'''

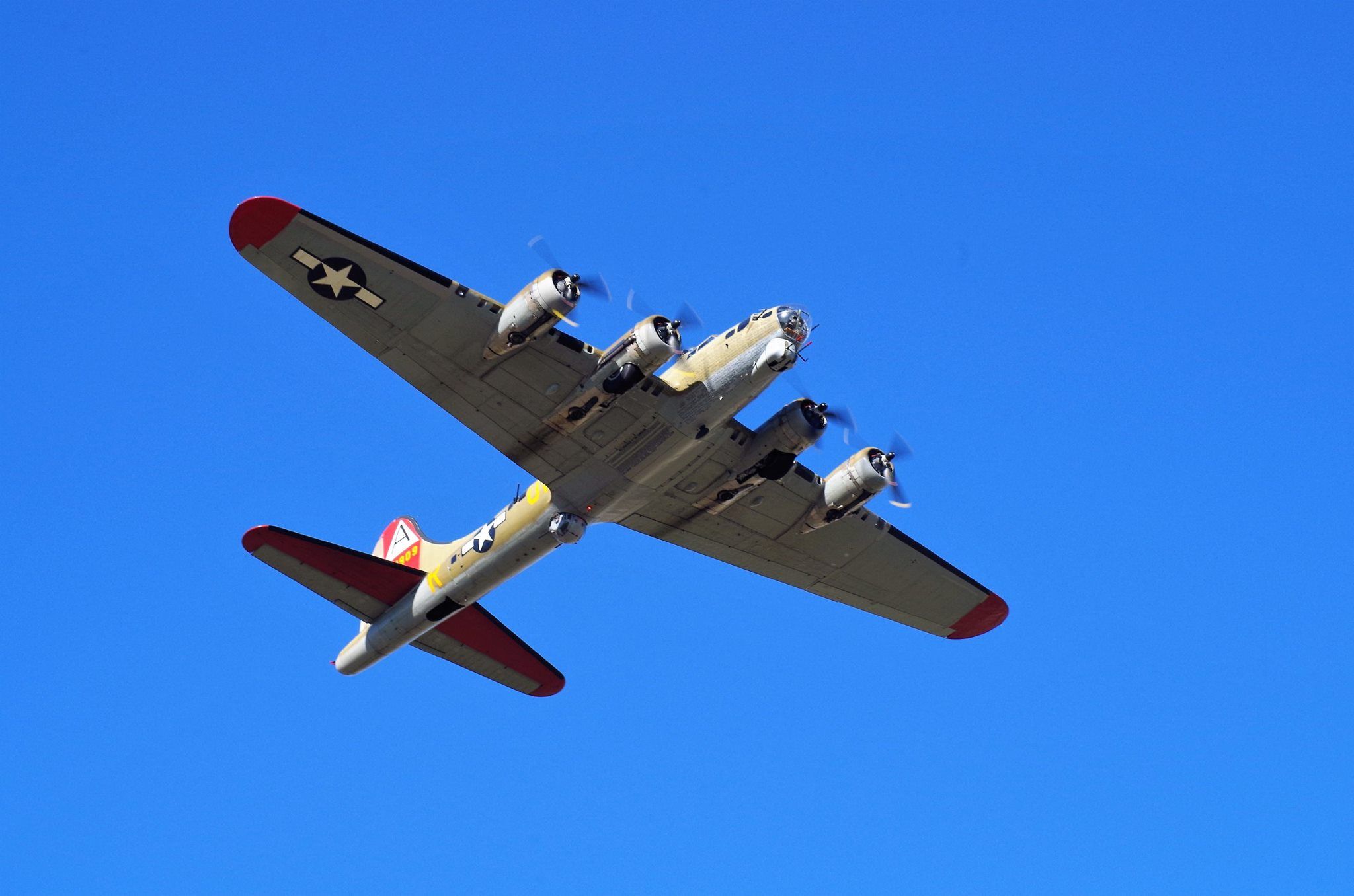 Boeing B-17 Flying Fortress (N93012) - B17 “Nine-O-Nine” departing KPWA from 17R on 03-APR-2016.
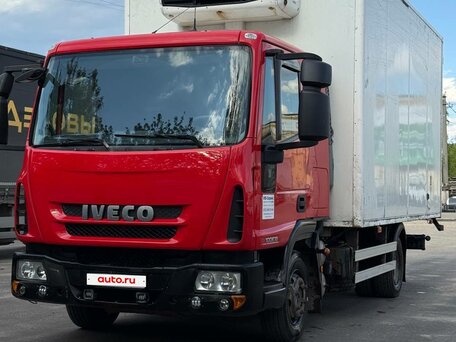 2013 Iveco EuroCargo, красный, 3100000 рублей, вид 1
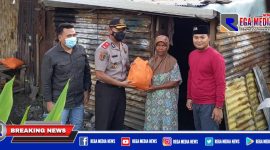 Kompol Ahmad Faisol Amir saat memberikan bantuan sembako kepada warga.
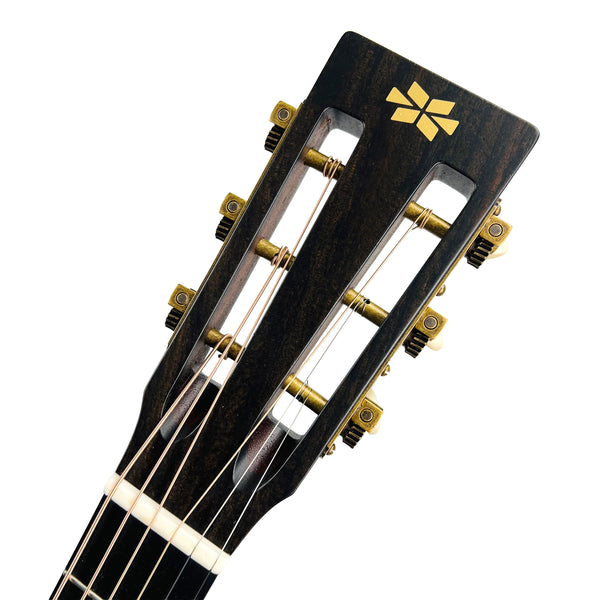 Iris RCM-000 12-Fret Torrefied Sitka Top Acoustic Guitar - Natural - 9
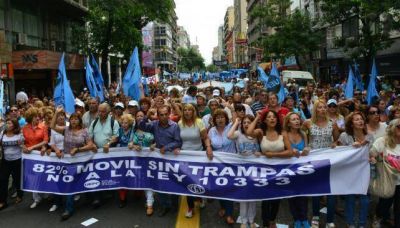 Gremios estatales marchan contra recortes jubilatorios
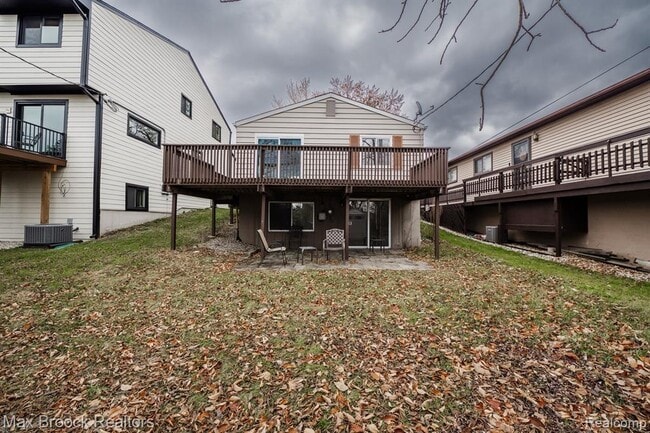 Building Photo - 5528 Sunnycrest Dr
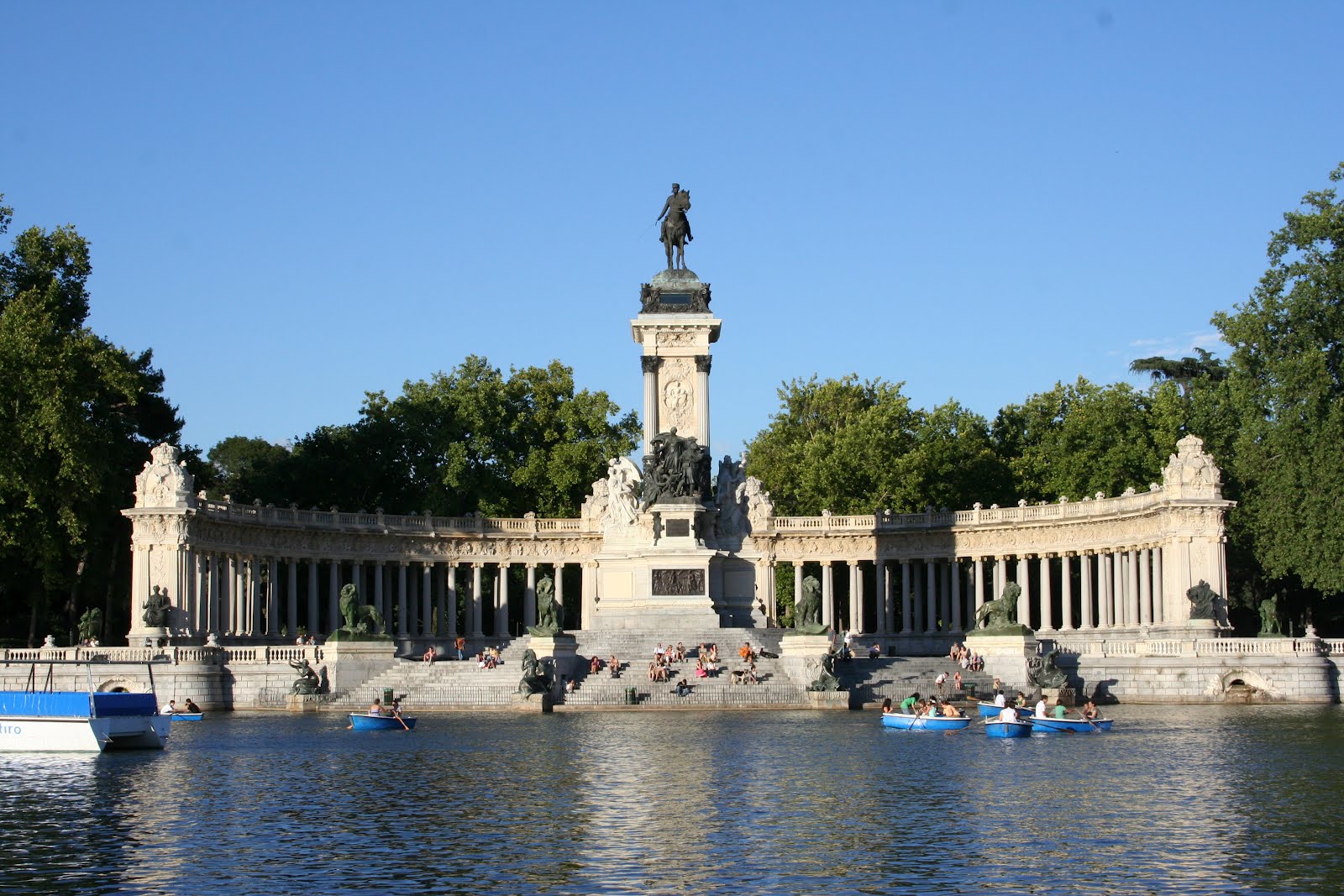 superddomi1998: Madrid: EL PARQUE DEL BUEN RETIRO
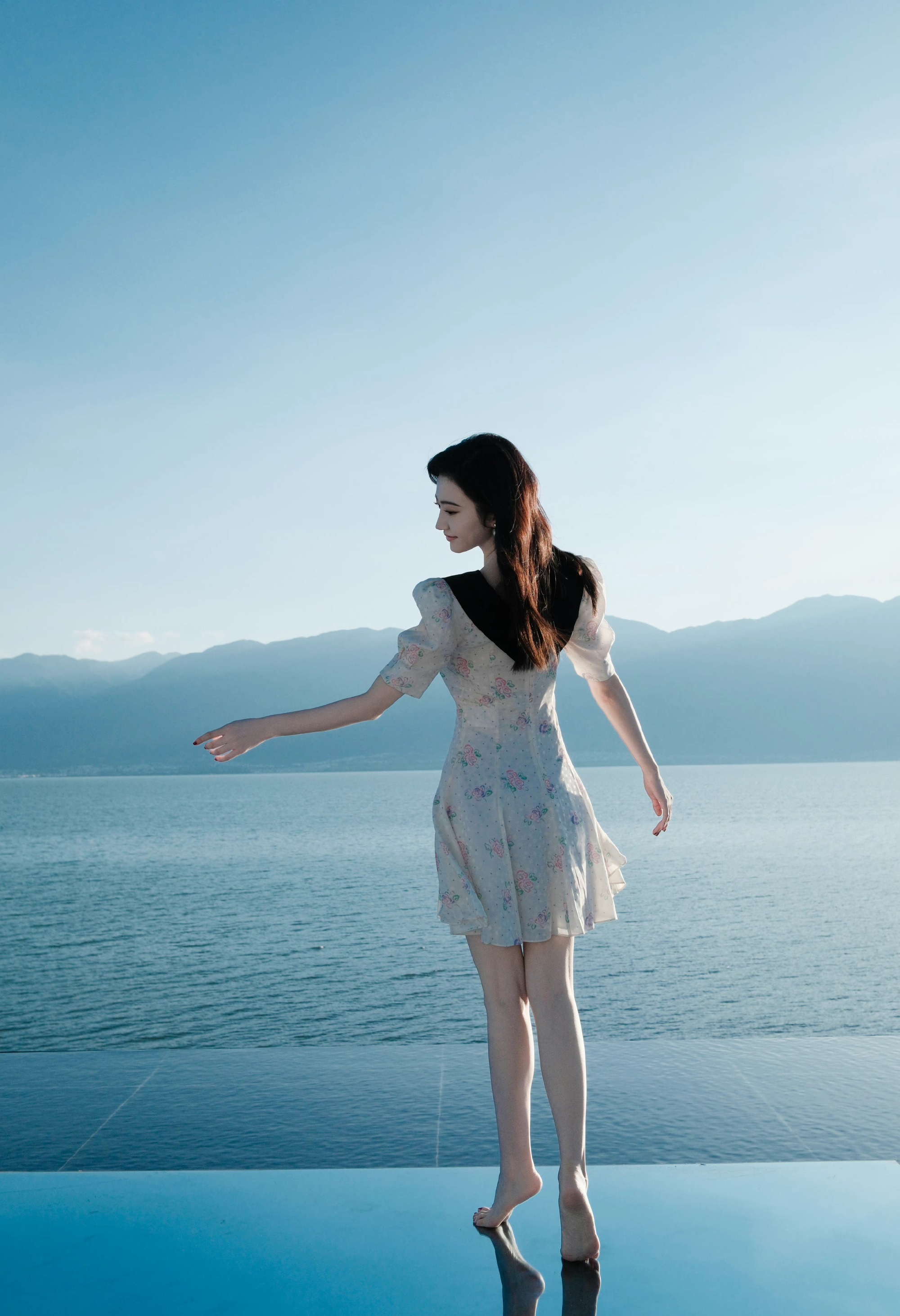 明星写真:景甜白色碎花短裙美拍,肤如凝脂美腿修长尽显好身材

'''

_GOAL OF THE EXERCISE_: Retype the data above verbatim, minus images.

_RESPONSE TO THE EXERCISE_:
 Boeing B-17 Flying Fortress (N93012) - B17 “Nine-O-Nine” departing KPWA from 17R on 03-APR-2016.
 2013 Iveco EuroCargo, красный, 3100000 рублей, вид 1
 Kompol Ahmad Faisol Amir saat memberikan bantuan sembako kepada warga.
 Iris RCM-000 12-Fret Torrefied Sitka Top Acoustic Guitar - Natural - 9
 Gremios estatales marchan contra recortes jubilatorios
 Building Photo - 5528 Sunnycrest Dr
 superddomi1998: Madrid: EL PARQUE DEL BUEN RETIRO
 明星写真:景甜白色碎花短裙美拍,肤如凝脂美腿修长尽显好身材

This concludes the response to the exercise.